Morocco’s Casablanca Stock Exchange has signed a landmark cooperation agreement with the Central Bank of Mauritania to assist in the establishment of Mauritania’s inaugural stock market in the capital, Nouakchott.
Announced jointly on 18 April 2025, the agreement underscores Mauritania’s ambition to broaden its economic base, diversify its funding mechanisms, and position itself as a competitive destination for foreign direct investment. According to the official communiqué issued by both institutions, the Casablanca Stock Exchange will provide comprehensive technical, operational, and strategic expertise in the formation and structuring of the new bourse.
The partnership is particularly significant given the current momentum in Mauritania’s resource-driven economy. Historically reliant on extractive industries—namely iron ore, gold, copper, and more recently, offshore natural gas—Mauritania is now seeking to develop a more robust and inclusive financial ecosystem that can attract long-term capital and enhance investor confidence.
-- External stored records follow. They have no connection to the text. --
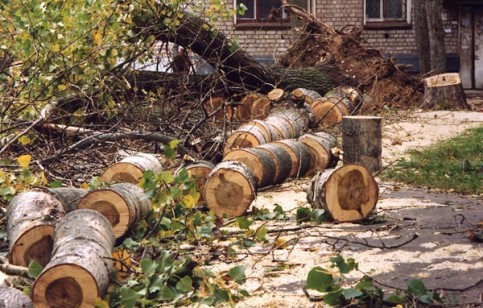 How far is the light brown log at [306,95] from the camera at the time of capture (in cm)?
1323

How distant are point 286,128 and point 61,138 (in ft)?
10.3

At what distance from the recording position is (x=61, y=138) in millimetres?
8594

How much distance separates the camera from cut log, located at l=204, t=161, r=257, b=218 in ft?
23.2

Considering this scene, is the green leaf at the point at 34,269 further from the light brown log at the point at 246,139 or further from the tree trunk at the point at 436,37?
the tree trunk at the point at 436,37

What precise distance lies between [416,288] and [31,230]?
2223 millimetres

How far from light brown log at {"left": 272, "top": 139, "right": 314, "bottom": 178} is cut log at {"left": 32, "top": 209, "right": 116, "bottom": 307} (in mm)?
4158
The Casablanca Stock Exchange, currently the second-largest bourse on the African continent by market capitalisation, reached a valuation of 899 billion Moroccan dirhams (approximately USD 97 billion) as of 18 April 2025. Its experience in overseeing one of Africa’s most established financial markets positions it as an instrumental partner in guiding Mauritania through the complex process of establishing market infrastructure, regulatory frameworks, and investor engagement strategies.
The development is also consistent with Morocco’s broader economic diplomacy and regional investment strategy. Over recent years, Moroccan financial institutions and conglomerates—spanning sectors such as insurance, mining, telecommunications, fertilisers, and real estate—have been increasingly expanding their footprint across West Africa, reinforcing inter-regional economic ties and enabling knowledge transfer.
The prospective Nouakchott stock exchange is expected not only to enhance Mauritania’s integration into global capital markets but also to serve as a platform for domestic companies to access financing, improve corporate governance, and elevate transparency in business operations. The initiative aligns with international development frameworks which advocate for the strengthening of local financial systems as a catalyst for sustainable growth and resilience in developing economies.
The establishment of a functioning capital market in Mauritania will likely require coordinated regulatory reform, capacity building, and investor education—areas in which Morocco’s capital markets regulator and financial training institutions may also offer support. The collaboration illustrates the growing trend of South-South cooperation in Africa, whereby regional expertise is mobilised to bridge infrastructural and institutional gaps in emerging markets.
This partnership marks a pivotal step for Mauritania’s financial future and may signal further cross-border collaborations aimed at reinforcing the architecture of African capital markets. As global investors continue to search for untapped frontier markets, Nouakchott’s forthcoming bourse could serve as a symbol of economic transformation and strategic connectivity across the region.